ABOUT THIS TASK: Would you repeat word for word the lines of the listing that follows, from the one with "화이트 타이거 봉제 인형 중형" up to and including the one with "Mukena Katun Jepang Ori Cherry Series Dewasa", and leave out the images?

STORED DATA:
= = = = = = =

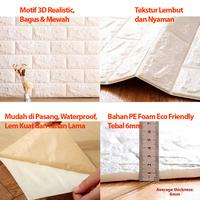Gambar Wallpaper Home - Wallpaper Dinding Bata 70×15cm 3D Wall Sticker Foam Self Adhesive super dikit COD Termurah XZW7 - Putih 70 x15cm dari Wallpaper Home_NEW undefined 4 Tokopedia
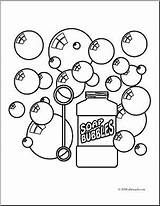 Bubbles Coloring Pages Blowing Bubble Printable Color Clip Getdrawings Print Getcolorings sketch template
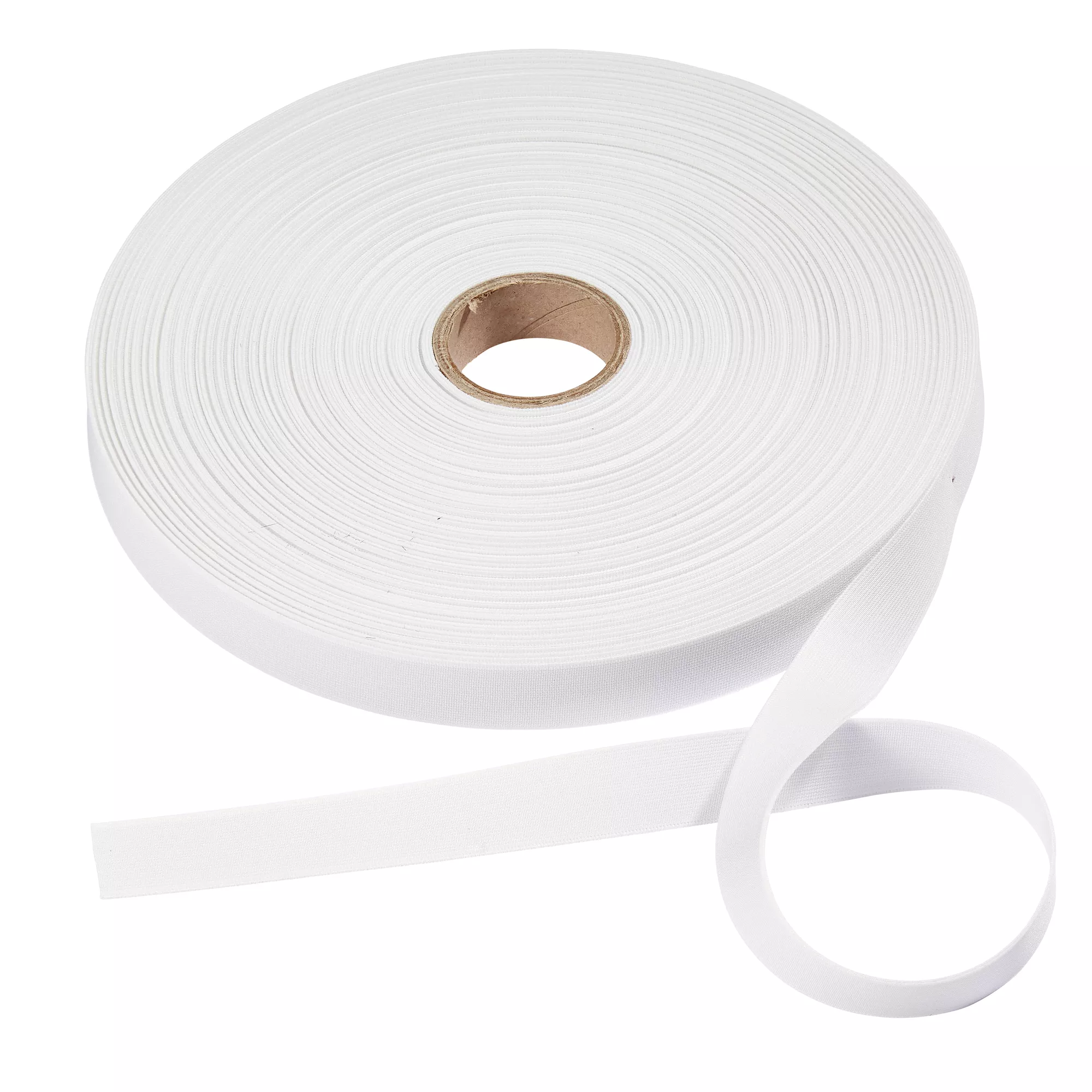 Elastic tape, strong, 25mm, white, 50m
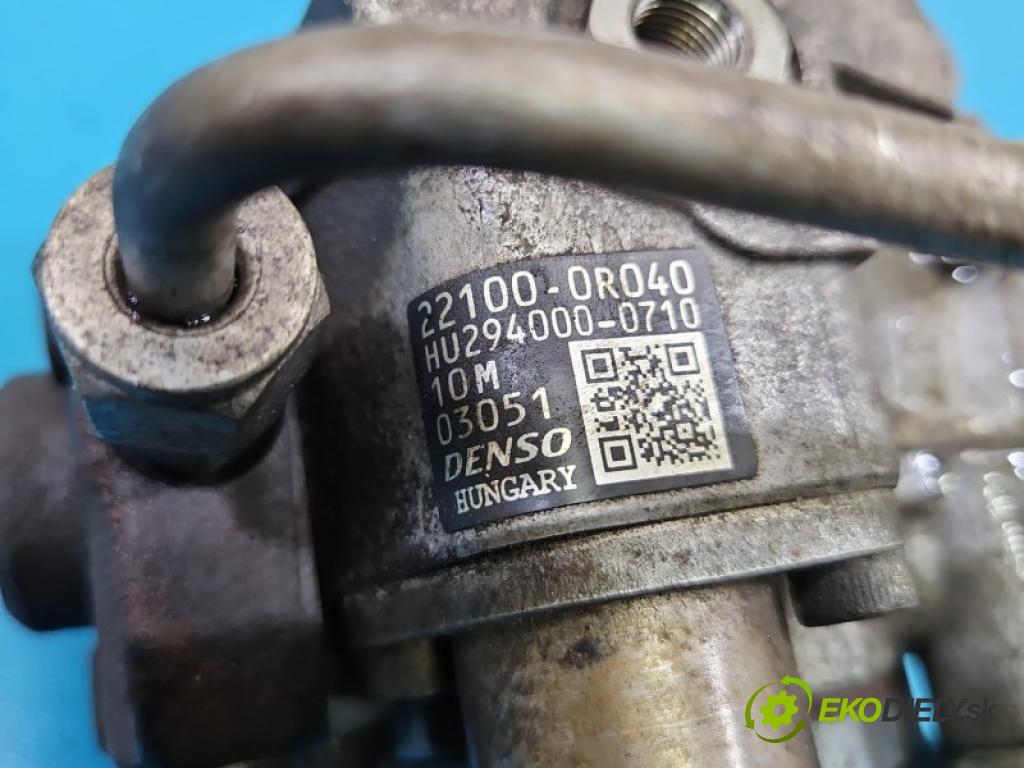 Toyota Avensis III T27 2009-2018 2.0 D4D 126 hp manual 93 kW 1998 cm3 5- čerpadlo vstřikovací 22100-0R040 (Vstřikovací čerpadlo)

= = = = = = =

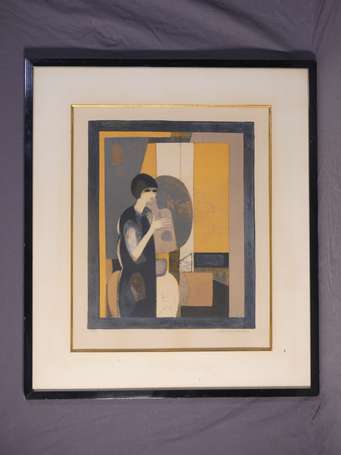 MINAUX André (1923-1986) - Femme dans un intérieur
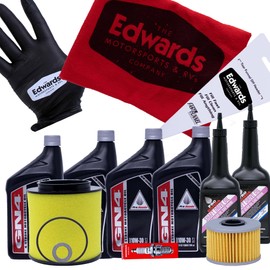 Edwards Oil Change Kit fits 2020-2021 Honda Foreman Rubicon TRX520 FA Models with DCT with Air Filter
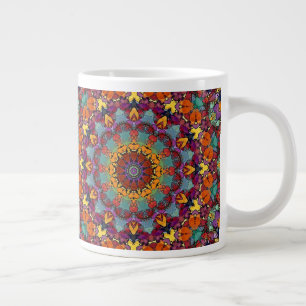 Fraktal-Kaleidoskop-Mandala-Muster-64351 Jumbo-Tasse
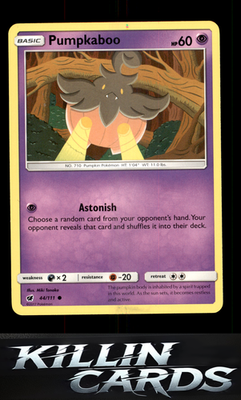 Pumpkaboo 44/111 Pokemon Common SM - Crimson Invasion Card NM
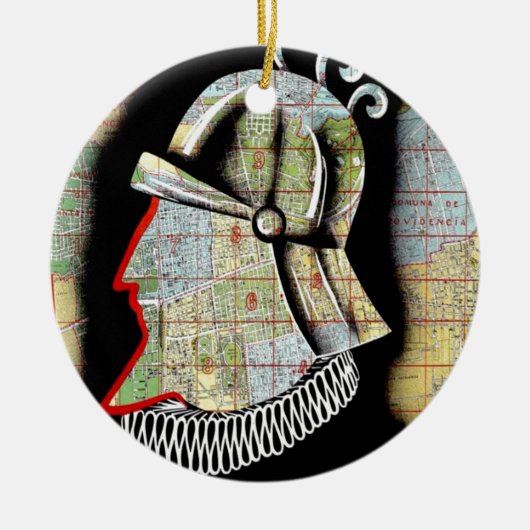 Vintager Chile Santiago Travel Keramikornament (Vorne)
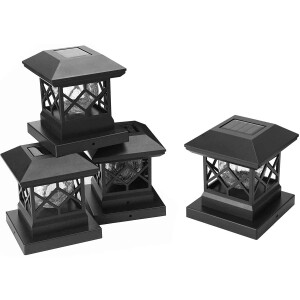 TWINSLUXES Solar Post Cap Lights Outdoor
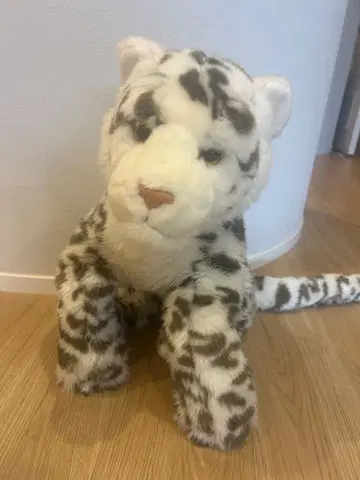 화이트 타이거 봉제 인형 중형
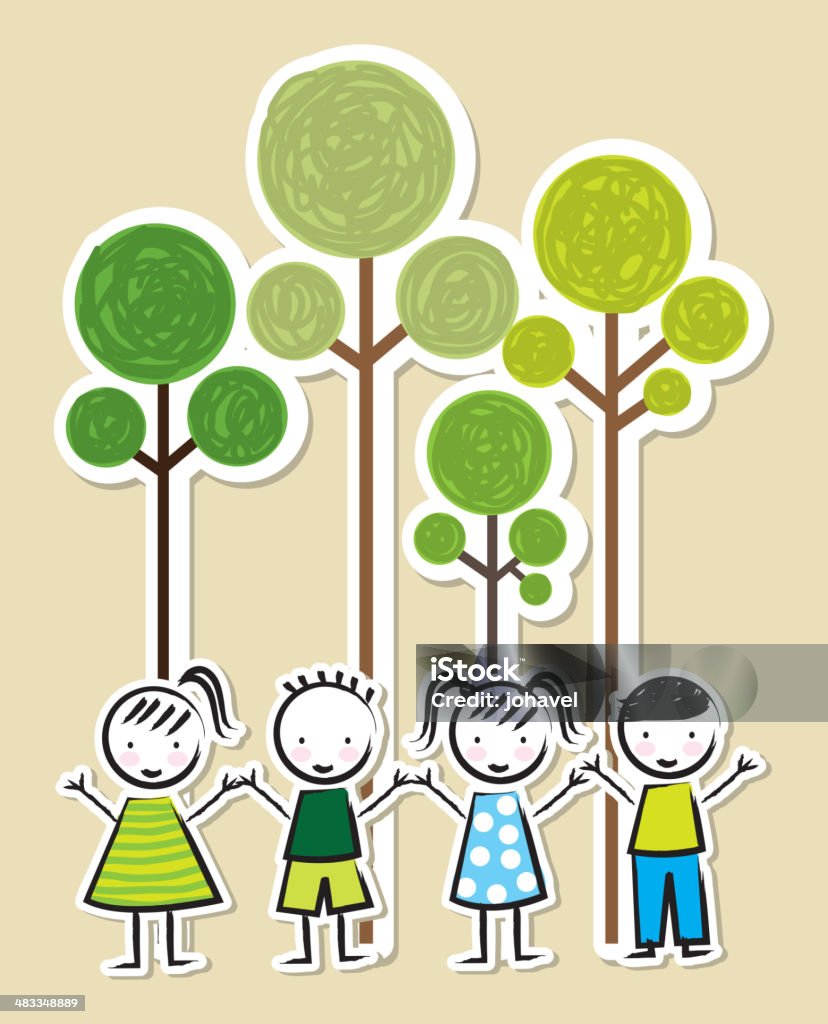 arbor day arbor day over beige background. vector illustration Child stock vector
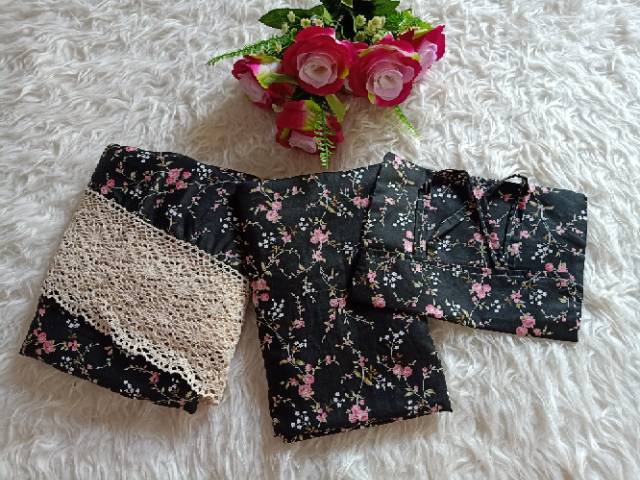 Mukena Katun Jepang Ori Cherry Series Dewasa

= = = = = = =

TASK RESPONSE:
 화이트 타이거 봉제 인형 중형
 arbor day arbor day over beige background. vector illustration Child stock vector
 Mukena Katun Jepang Ori Cherry Series Dewasa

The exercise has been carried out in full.